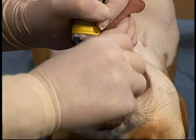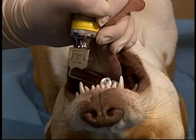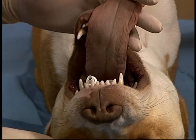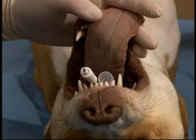The arytenoids are visualized and the tube is inserted. A tube typically one size larger can be inserted using this technique than would be used if the patient was intubated in sternal recumbency.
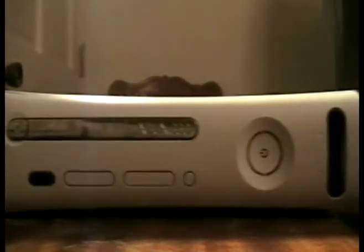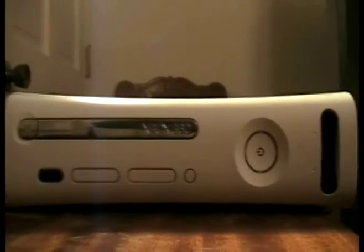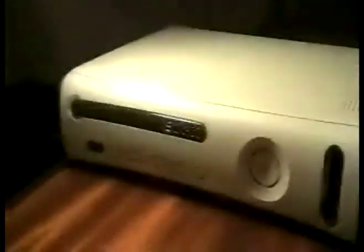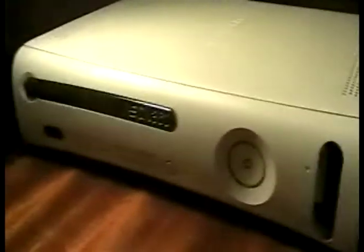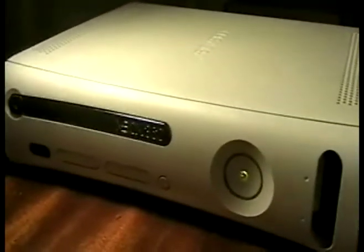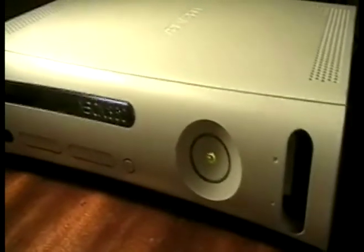And the 360 console's put back together. Alright, I just put it back together and I'm going to turn it on to show you that I fixed it. See.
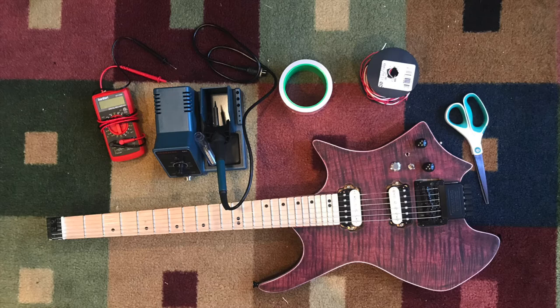What you will need to do this to your own guitar is obviously a guitar, scissors, wire, copper tape, some kind of welder, and it is optional but you can also use a voltmeter — it is very useful.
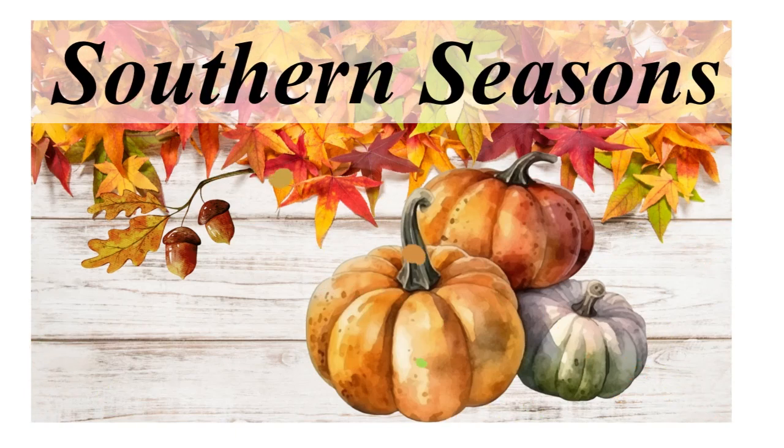Hello friends, welcome to my channel. Today I'm going to be doing some more fall decorating.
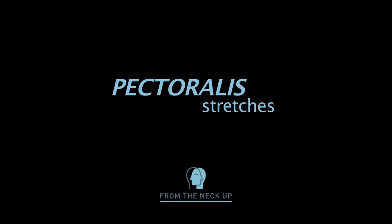We're now going to stretch the pectoralis muscles. There's pectoralis major, which is the big muscle at the top, and below it is pectoralis minor.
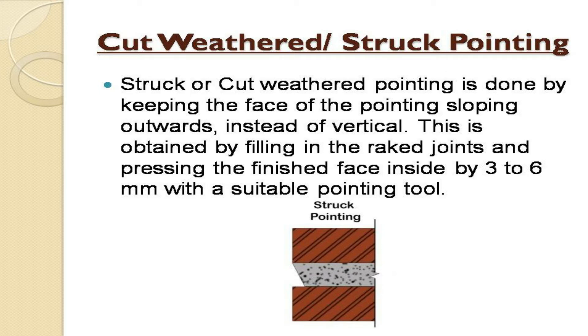Struck or cut weathered pointing is done by keeping the face of the pointing sloping outwards instead of vertical. This is obtained by filling in the raked joints and pressing the finished face inside by 3–6 mm with a suitable pointing tool.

++++++

• Directions: All lines from the one containing "Hello friends, welcome" through the final line of the entries above are to be copied exactly; the pictures are not.

• Response area:
Hello friends, welcome to my channel. Today I'm going to be doing some more fall decorating.
We're now going to stretch the pectoralis muscles. There's pectoralis major, which is the big muscle at the top, and below it is pectoralis minor.
Struck or cut weathered pointing is done by keeping the face of the pointing sloping outwards instead of vertical. This is obtained by filling in the raked joints and pressing the finished face inside by 3–6 mm with a suitable pointing tool.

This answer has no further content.